= William Ascher =

American academic

William Ascher (born January 3, 1947) is the Donald C. McKenna Professor of Government and Economics at Claremont McKenna College in Claremont, California, where he was academic vice president and dean of the faculty (2000–2005). Previously, as professor of public policy and political science, Ascher directed Duke University's Center for International Development Research (1985–2000). He studies strategic planning, policymaking in developing countries, natural resource and environmental policy, Latin American and Asian political economy, political psychology, and forecasting methods.

He has written Forecasting: An Appraisal for Policymakers and Planners (1978), Scheming for the Poor: The Politics of Redistribution in Latin America (1984), Natural Resource Policymaking in Developing Countries (1990), Communities and Sustainable Forestry in Developing Countries (1994), Why Governments Waste Natural Resources (1999), and Bringing in the Future: Strategies for Farsightedness and Sustainability (2009).
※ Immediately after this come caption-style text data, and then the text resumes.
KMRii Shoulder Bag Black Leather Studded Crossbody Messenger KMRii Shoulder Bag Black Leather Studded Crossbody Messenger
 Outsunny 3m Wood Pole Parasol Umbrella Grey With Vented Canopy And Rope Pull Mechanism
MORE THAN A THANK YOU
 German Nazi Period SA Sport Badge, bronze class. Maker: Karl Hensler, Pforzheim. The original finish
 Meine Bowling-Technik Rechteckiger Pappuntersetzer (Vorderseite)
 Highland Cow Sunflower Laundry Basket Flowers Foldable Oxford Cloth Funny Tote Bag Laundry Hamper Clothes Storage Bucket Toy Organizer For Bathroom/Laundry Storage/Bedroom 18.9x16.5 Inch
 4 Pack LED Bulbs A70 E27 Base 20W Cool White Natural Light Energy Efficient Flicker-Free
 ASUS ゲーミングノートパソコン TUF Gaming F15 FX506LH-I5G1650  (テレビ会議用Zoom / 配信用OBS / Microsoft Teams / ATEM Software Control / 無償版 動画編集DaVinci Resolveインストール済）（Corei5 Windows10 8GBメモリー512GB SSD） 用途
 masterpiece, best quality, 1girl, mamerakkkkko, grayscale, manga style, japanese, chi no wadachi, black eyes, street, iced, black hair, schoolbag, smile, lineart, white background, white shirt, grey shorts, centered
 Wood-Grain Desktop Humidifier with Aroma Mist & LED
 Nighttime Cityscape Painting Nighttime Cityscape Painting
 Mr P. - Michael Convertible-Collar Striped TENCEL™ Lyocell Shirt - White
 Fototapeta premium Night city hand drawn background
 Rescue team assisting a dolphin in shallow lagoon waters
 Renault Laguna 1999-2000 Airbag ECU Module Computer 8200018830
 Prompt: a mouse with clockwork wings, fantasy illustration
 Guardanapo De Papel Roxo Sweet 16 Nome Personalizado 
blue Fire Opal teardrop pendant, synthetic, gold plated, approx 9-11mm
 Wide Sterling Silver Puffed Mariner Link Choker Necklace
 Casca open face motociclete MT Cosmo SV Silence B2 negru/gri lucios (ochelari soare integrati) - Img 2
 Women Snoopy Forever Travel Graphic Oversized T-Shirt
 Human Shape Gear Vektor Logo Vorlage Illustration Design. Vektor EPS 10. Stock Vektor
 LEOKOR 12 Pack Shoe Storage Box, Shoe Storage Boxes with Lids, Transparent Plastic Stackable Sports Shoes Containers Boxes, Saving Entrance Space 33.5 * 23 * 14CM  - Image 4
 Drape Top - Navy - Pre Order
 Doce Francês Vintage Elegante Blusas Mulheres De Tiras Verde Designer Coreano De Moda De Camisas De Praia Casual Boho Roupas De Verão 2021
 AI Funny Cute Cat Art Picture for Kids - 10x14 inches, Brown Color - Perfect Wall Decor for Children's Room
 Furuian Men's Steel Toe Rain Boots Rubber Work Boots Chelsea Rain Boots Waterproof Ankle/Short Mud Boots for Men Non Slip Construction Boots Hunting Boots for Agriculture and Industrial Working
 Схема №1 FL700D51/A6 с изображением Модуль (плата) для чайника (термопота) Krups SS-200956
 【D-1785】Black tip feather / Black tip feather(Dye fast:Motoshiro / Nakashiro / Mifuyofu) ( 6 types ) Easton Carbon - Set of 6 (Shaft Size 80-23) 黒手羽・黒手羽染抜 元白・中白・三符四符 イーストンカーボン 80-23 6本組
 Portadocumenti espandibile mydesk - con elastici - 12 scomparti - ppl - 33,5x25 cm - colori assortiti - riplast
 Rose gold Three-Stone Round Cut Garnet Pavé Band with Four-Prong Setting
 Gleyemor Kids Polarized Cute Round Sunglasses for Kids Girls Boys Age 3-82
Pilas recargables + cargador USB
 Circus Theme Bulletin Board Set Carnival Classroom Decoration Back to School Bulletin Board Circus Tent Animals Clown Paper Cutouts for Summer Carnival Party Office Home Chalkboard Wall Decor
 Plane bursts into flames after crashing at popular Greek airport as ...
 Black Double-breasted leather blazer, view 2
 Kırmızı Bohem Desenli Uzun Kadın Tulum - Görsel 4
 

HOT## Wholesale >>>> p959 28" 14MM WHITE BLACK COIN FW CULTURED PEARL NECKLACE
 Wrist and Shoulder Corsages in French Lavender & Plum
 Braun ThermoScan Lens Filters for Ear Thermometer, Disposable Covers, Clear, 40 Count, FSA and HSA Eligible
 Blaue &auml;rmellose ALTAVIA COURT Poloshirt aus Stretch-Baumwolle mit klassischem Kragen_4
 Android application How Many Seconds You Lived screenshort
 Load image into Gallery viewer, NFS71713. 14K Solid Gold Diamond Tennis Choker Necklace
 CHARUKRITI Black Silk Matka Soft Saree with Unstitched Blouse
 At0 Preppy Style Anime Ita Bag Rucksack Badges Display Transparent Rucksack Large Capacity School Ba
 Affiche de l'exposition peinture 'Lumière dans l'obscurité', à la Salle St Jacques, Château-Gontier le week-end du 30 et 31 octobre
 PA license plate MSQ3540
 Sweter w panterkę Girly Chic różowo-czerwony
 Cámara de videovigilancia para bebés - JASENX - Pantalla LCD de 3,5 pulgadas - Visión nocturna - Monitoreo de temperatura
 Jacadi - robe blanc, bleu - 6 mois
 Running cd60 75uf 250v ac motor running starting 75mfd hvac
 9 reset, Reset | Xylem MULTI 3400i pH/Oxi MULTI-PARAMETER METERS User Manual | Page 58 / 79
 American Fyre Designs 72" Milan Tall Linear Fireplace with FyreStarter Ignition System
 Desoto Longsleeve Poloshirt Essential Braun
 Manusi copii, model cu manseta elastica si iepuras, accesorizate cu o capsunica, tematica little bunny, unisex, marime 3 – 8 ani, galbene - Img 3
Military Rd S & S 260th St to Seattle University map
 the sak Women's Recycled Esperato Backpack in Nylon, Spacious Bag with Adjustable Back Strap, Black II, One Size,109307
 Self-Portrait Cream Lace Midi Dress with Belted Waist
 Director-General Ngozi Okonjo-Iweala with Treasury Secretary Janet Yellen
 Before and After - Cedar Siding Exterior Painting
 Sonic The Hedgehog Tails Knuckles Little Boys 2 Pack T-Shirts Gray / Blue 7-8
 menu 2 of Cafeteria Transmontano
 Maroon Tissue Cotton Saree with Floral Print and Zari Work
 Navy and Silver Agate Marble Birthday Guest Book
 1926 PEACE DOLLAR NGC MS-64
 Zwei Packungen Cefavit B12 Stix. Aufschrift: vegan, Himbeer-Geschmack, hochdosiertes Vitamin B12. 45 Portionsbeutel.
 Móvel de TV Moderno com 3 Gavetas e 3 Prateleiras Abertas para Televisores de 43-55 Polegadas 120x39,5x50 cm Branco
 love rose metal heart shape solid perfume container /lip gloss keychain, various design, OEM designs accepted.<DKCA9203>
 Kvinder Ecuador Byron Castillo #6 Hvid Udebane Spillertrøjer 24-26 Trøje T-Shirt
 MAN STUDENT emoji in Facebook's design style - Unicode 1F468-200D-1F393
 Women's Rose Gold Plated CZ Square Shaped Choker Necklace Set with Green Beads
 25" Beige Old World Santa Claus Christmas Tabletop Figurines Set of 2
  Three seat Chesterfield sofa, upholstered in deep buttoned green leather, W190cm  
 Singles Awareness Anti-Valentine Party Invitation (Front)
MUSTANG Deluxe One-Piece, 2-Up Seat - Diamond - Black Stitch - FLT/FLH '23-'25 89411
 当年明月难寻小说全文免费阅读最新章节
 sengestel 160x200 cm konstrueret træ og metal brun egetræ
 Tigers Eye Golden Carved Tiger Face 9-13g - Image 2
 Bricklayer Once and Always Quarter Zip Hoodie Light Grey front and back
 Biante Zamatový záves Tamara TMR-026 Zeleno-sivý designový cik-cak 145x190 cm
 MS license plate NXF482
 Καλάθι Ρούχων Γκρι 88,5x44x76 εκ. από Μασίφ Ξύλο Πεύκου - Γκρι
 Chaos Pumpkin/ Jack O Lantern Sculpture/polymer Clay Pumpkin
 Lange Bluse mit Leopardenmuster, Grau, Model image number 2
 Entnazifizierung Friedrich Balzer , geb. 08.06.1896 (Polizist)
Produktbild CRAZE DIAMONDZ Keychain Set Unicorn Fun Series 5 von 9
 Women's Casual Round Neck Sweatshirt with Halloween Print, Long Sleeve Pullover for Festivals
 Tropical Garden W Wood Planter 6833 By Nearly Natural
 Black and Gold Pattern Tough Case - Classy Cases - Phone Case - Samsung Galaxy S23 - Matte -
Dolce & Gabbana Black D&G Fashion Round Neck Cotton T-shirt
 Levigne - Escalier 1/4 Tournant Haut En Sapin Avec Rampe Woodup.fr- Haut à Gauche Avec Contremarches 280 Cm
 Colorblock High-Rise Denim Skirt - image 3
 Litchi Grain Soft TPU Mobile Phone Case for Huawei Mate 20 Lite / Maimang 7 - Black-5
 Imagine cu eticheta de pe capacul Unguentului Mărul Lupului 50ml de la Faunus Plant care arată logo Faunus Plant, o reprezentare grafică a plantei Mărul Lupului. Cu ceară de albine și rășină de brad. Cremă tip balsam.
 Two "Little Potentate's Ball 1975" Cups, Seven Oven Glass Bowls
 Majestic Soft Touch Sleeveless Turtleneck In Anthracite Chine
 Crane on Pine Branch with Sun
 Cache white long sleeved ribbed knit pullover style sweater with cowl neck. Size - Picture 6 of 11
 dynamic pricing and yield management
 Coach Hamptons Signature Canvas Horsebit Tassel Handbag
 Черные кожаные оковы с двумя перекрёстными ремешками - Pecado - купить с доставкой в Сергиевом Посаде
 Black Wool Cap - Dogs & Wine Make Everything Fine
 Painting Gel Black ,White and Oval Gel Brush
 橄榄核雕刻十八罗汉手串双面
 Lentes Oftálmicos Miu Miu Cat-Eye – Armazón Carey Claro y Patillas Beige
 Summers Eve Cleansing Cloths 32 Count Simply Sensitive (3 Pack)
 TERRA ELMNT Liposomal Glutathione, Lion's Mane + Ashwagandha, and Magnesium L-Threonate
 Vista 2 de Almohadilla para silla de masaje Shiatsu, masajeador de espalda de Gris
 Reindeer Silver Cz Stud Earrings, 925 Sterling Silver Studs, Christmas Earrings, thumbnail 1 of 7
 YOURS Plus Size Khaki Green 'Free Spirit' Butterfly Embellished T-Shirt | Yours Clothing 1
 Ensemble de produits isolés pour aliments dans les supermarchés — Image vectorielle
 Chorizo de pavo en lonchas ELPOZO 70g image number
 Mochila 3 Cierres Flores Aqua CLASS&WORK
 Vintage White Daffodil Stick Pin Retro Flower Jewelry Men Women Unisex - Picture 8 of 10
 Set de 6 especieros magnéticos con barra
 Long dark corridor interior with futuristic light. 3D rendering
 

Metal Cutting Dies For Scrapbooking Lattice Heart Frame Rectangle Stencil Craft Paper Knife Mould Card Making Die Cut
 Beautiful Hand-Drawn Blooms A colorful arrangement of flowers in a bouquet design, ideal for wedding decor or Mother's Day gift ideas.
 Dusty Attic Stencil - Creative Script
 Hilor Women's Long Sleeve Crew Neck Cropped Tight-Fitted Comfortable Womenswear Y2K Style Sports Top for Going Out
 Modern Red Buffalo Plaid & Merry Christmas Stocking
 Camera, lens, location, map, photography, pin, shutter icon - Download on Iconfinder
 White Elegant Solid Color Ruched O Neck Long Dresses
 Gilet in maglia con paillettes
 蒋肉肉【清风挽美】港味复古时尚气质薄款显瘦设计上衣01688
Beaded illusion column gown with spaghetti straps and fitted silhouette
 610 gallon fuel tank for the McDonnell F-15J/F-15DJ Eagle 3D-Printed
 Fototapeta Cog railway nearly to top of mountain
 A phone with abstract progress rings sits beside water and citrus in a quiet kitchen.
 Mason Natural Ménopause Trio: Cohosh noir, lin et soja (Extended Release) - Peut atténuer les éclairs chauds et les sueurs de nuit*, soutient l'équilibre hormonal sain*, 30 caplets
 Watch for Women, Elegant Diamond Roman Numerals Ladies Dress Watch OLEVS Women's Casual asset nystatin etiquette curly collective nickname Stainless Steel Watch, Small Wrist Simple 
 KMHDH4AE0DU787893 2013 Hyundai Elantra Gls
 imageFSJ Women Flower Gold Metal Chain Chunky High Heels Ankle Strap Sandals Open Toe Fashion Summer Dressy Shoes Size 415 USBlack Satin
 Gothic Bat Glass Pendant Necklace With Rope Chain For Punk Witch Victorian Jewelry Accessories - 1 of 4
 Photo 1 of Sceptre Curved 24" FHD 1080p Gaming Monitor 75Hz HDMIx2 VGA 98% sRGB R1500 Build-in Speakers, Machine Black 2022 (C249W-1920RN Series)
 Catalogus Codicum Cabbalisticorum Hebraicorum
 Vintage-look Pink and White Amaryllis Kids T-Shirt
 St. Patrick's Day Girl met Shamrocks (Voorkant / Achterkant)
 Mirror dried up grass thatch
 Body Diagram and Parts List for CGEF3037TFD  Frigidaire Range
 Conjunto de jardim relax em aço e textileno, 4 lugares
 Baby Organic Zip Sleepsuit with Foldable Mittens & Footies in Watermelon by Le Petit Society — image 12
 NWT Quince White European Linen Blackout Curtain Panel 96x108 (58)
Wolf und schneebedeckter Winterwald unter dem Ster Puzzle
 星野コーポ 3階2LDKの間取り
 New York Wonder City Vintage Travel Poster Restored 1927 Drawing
He co-authored or co-edited Strategic Planning and Forecasting (1983), Central American Recovery and Development (1989), The Caspian Sea: A Quest for Environmental Security (2000), Guide to Sustainable Development and Environmental Policy (2001), and Revitalizing Political Psychology (2005).

Ascher is the Director of Soka University of America's Pacific Basin Research Center and a member of the World Bank's Advisory Group on the Extractive Industries Transparency Initiative.

His granddaughter is American curator and writer Storm Ascher.